Who are the companies driving the repair and textile transition in Amsterdam?
24 November 2025


Most people wouldn’t look at a pile of old jumpers and see the future of fashion. But Ellen does. Mensink is working to flip the fashion system from the inside out. From the Brightfiber factory in the city's western docklands, her team takes discarded garments and transforms them into fine fibres, ready to be spun into brand-new yarns. It’s circularity in action.
Mensink’s journey into circular textiles wasn’t a straight line. For over two decades, she worked at the intersection of sustainability and innovation across health care, energy and food systems, always advising and strategising. But something was missing.
“I felt like a jack of all trades and a master of none,” she says. “I was always telling other people what to do, but never actually doing it myself.”
That all changed after the Rana Plaza disaster in 2013, Bangladesh, when over 1,100 garment workers were killed in a collapsed factory in Bangladesh. For Mensink, it was a tipping point.
“No one wants to wear a T-shirt that costs someone their life,” she says. “But we do, because it happens far away, out of sight. And I wanted to change that. I wanted to bring the system closer and make people care again.”

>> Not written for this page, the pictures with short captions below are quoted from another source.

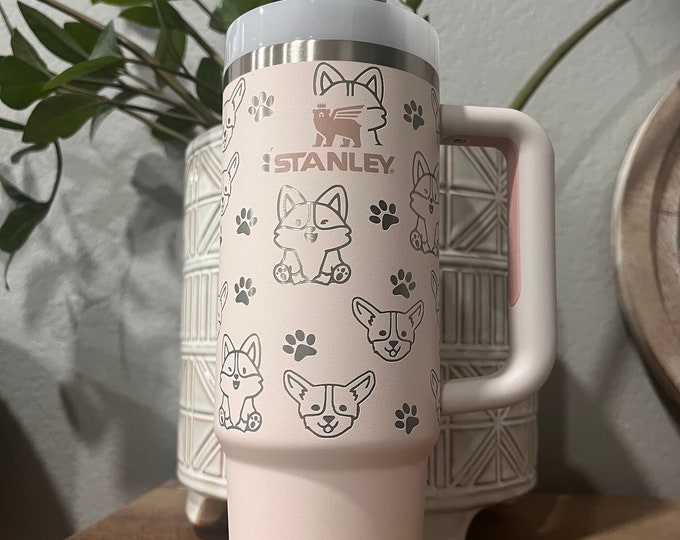 Corgi & paw prints | Tumbler | laser engraved | half design
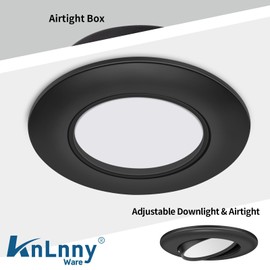 KnLnny Ware Black Gimbal Recessed Lighting 4 Inch 6 Pack,Ajustable Eyeball Ceiling Light with Junction Box,5CCT Selectable,Airtight,9W 750LM,Dimmable,ETL Listed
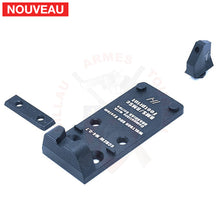Charger l&#39;image dans la galerie, Plaque de Montage Point Rouge + Hausse et Guidon Co-Witness TR-1 Upgrade Wultron RDO System pour Glock Montages lunettes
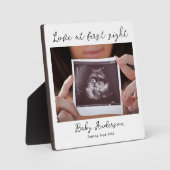 Liebe bei der Ankündigung der Schwangerschaft im e Fotoplatte (Vorderseite)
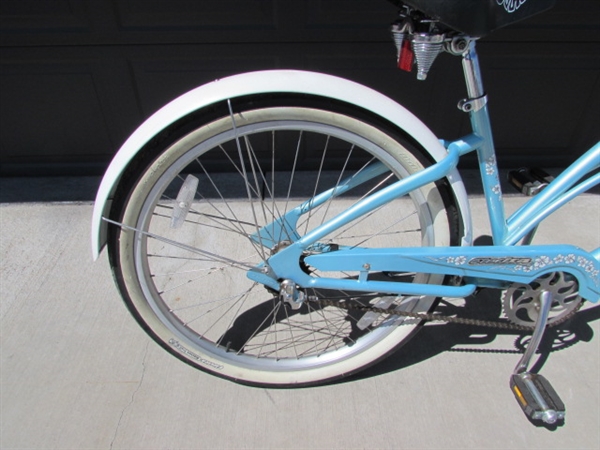 LT BLUE LADIES 3-SPEED ELECTRA CRUISER 26 BICYCLE W/HELMET, VEST & LOCK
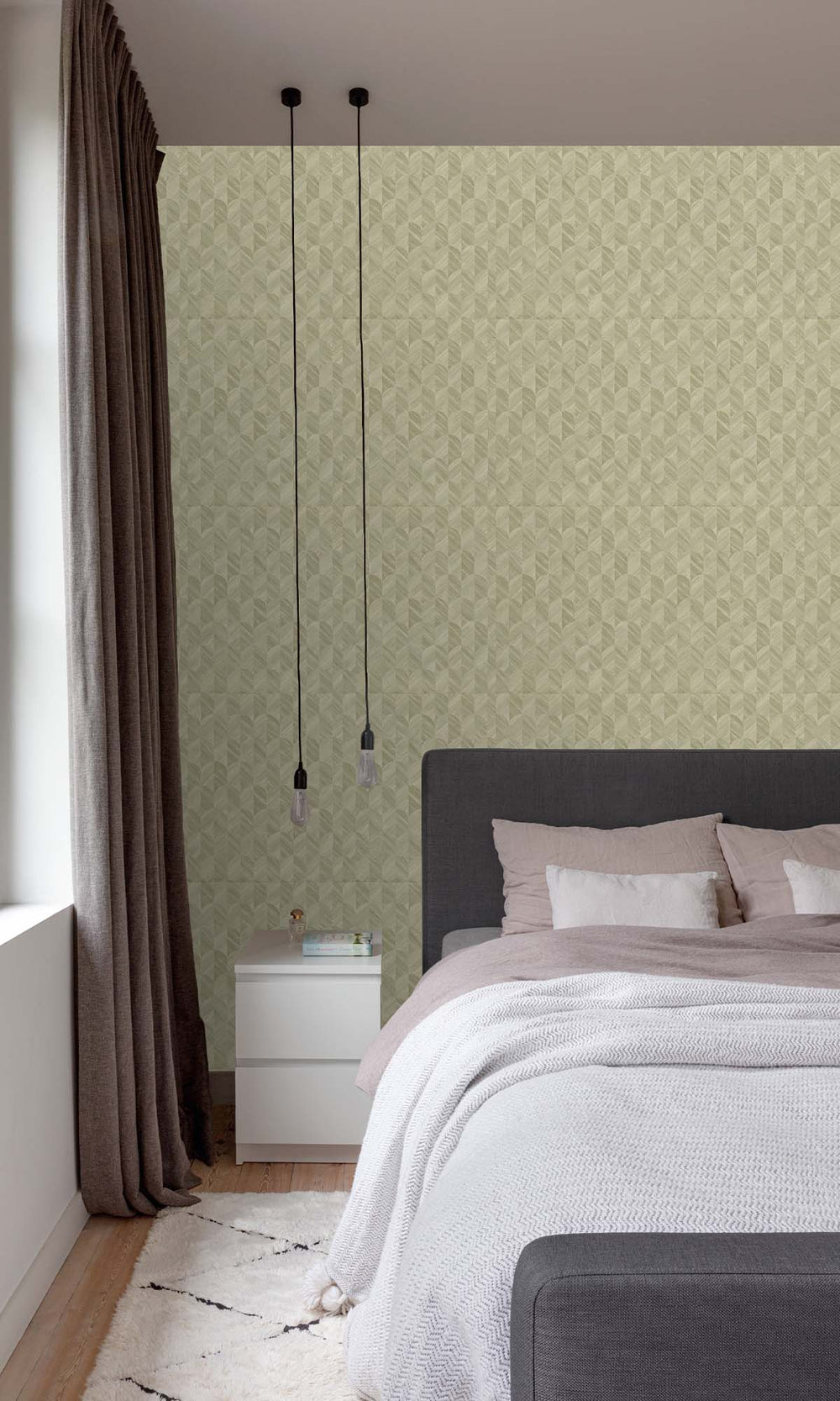 Grey Olive Geometric Palm Fronds Wallpaper R10410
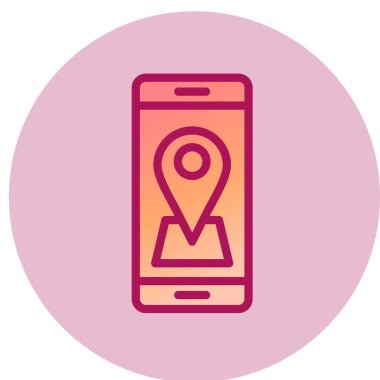 Düz çember izole edilmiş vektör illüstrasyonunda cep telefonu simgesi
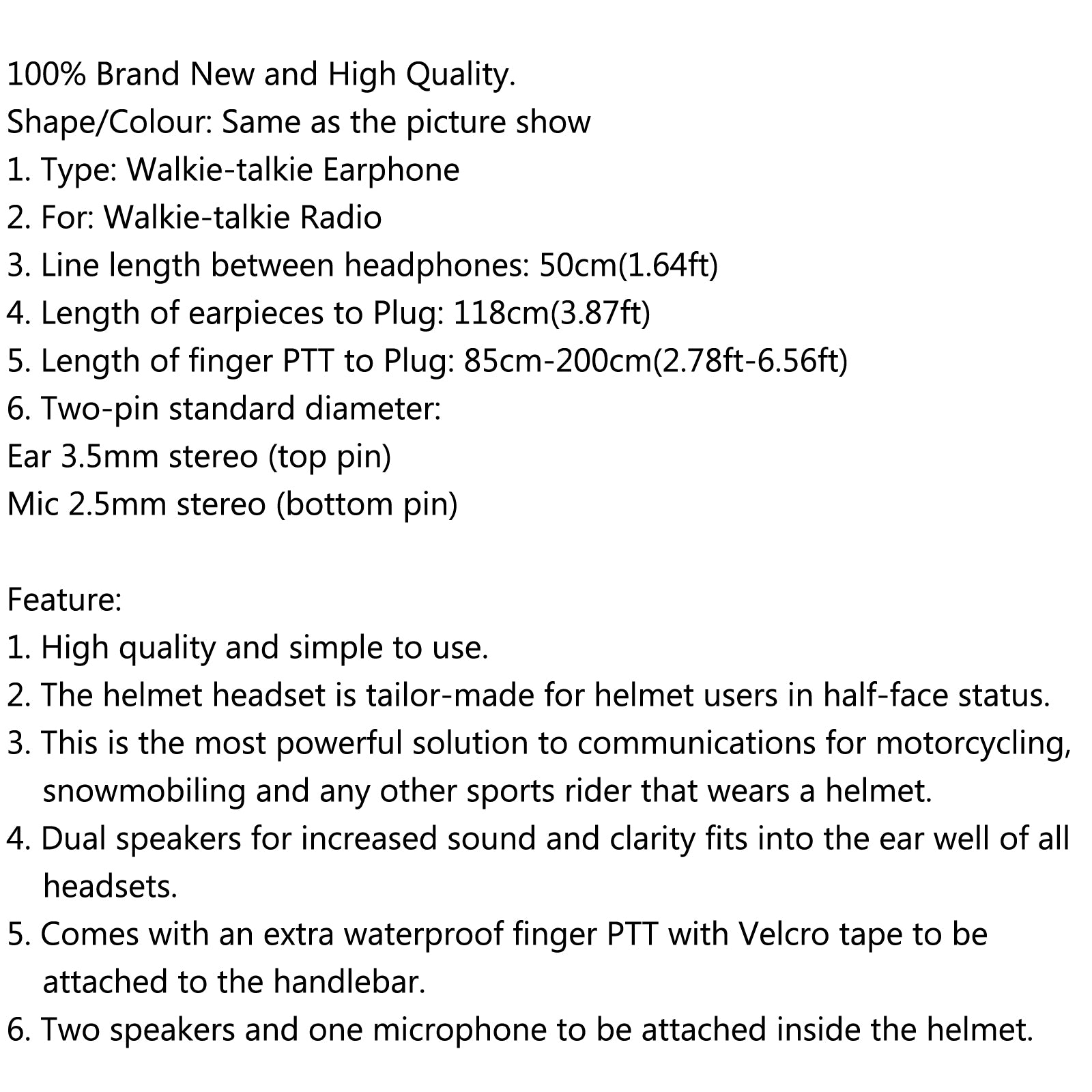 Vinger PTT Motorhelm Headset MICROFOON voor Radio Kenwood Retevis TYT Baofeng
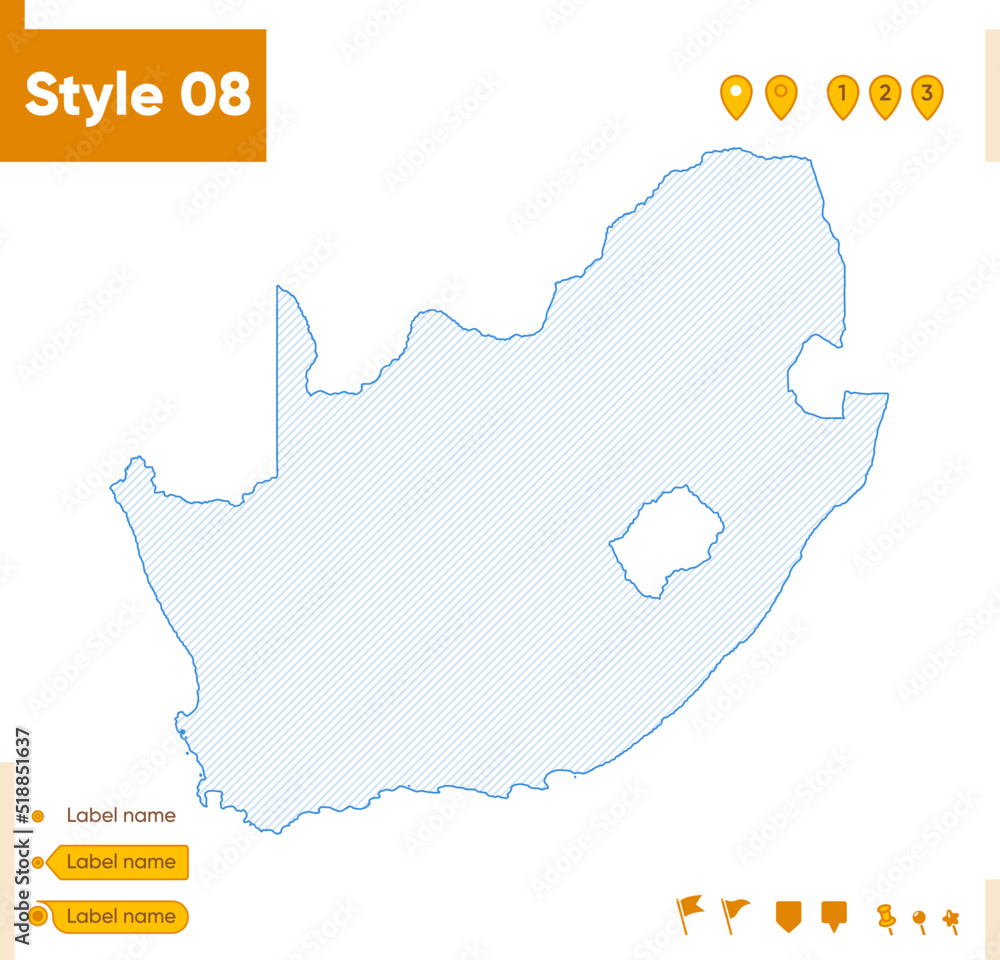 South Africa - grid map isolated on white background. Outline map. Simple line, vector map.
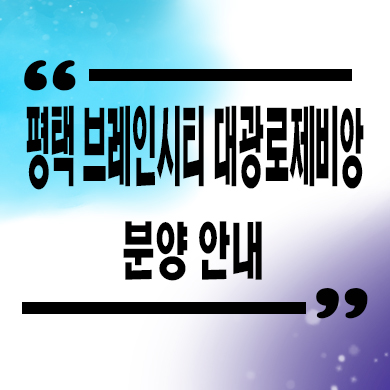  평택 브레인시티 대광로제비앙 미분양아파트 장안동 신축 잔여세대 분양가 모델하우스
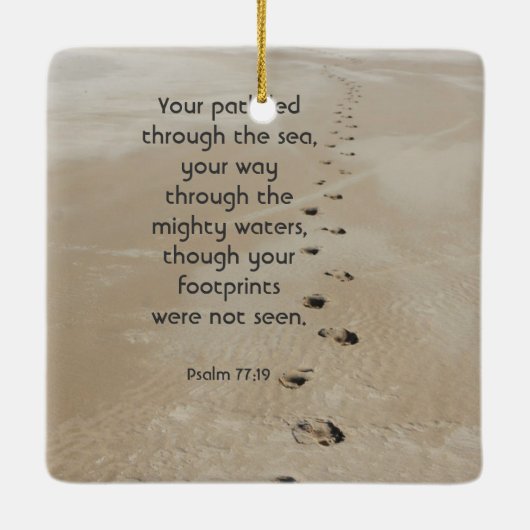 Ornement En Céramique Christian Scripture Keepsake Footprints in Sand (Dos)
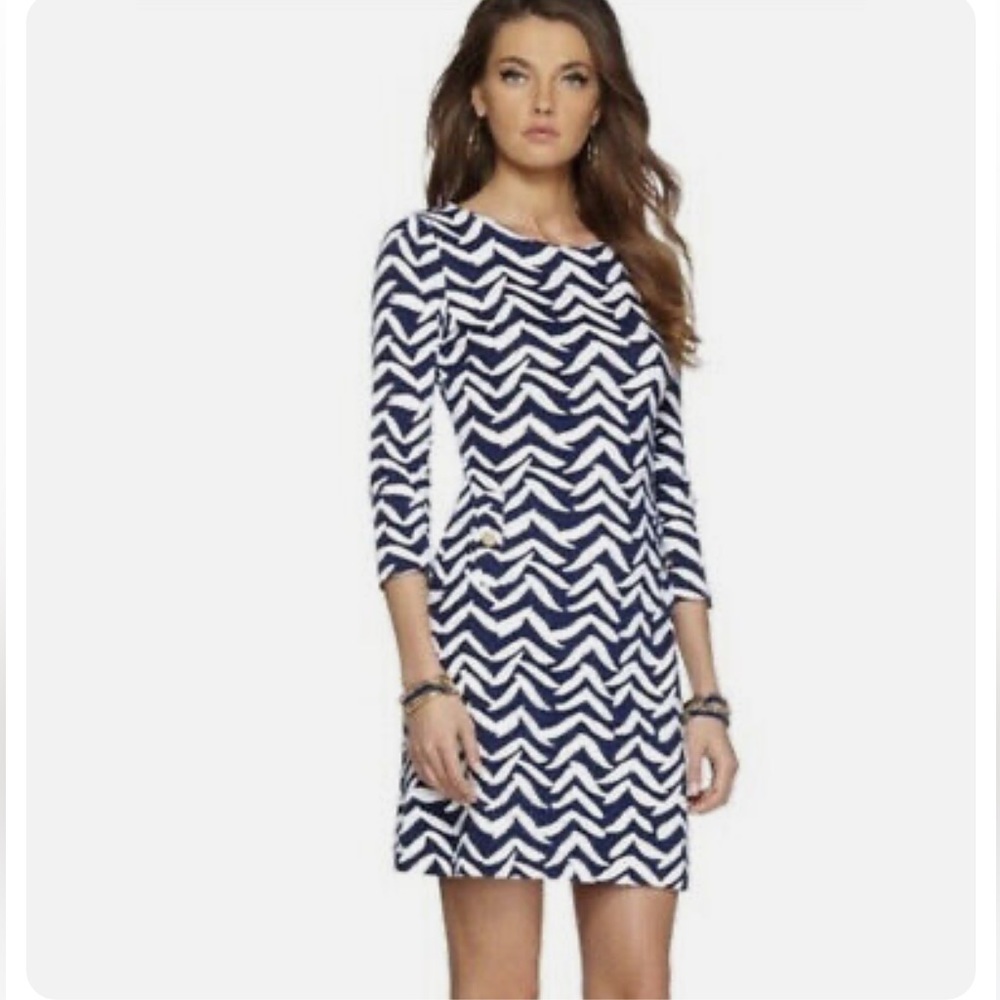 LILLY PULITZER Charlene I Got Lucky Midi Dress in Navy & White, Size XL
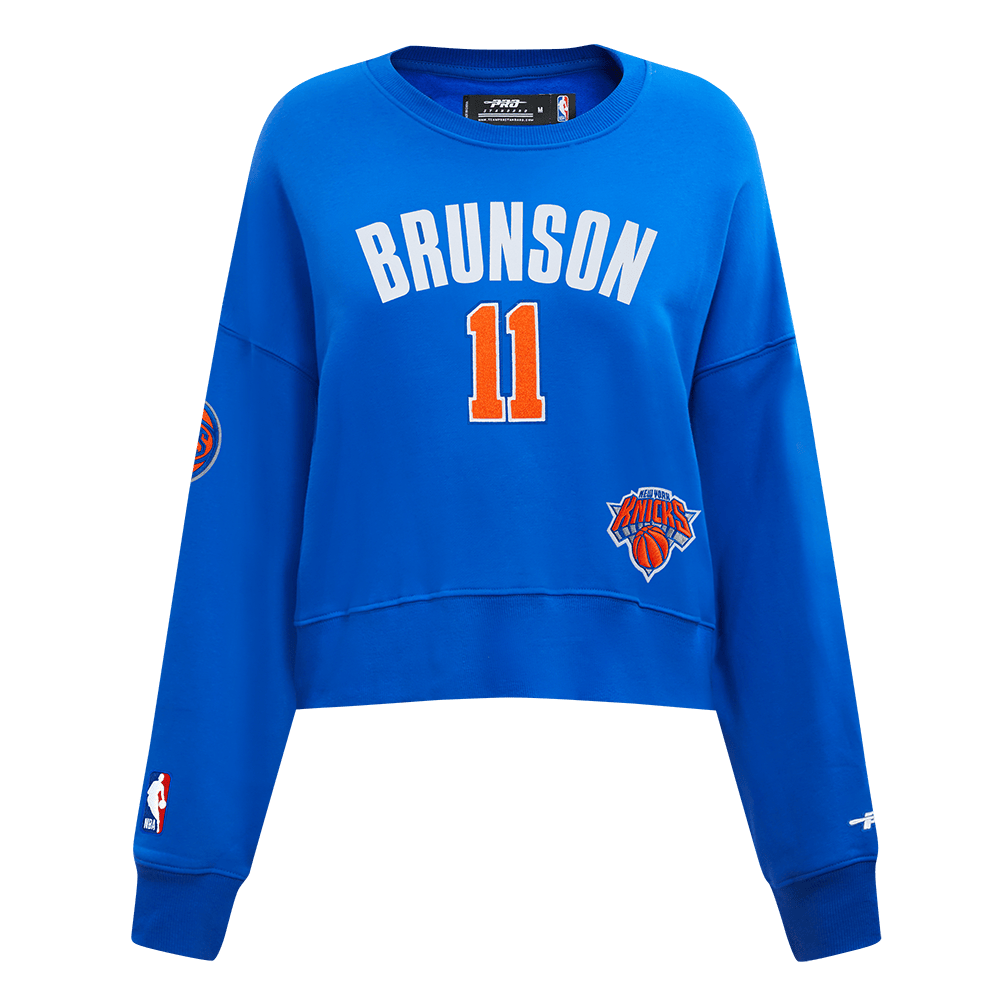 NBA NEW YORK KNICKS JALEN BRUNSON #11 CLASSIC PLAYER NAME AND NUMBER Women FLC CREWNECK product image 3, provided for visual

She began experimenting with wool as part of a sustainable agriculture project, even raising sheep. That early curiosity eventually turned into a bold concept: a clothing label where each item could be traced all the way back to the sheep it came from.
I thought, what if we could reconnect people to what they wear? Make it local, personal, tangible.
That label became Loop.a.life, one of the Netherlands’ early pioneers in circular fashion. It gained traction quickly, but eventually folded, not because there was no market, but because scaling an ethical brand in a fast-fashion world remains an uphill climb.
It’s hard to stand out when there’s so much greenwashing. But I learned so much. And I knew I had to go bigger.



While still running her brand, Mensink had already started laying the groundwork for something more ambitious: a fully circular factory focused not on industrial scraps or recycled bottles, but post-consumer textile waste, the real elephant in the room.
It took some years to get the infrastructure in place. Eventually, the stars aligned, and Brightfiber opened its doors in 2025, complete with an automated sorting machine, a cleaning system to strip out zippers and buttons, and a custom-built fibering line to transform old clothes into high-grade fibres.
When asked what the mission is, Mensink replied:
We make old sweaters into new sweaters. And we do it as close to home as possible. Most brands don’t understand fibres, yarns and fabric development. They just want good-looking, circular products. We take care of the complexity behind that.
The company has developed a fully circular, local “clothing‑to‑clothing” recycling solution that transforms local discarded garments into premium raw material, all within a closed‑loop system in Europe and Turkey.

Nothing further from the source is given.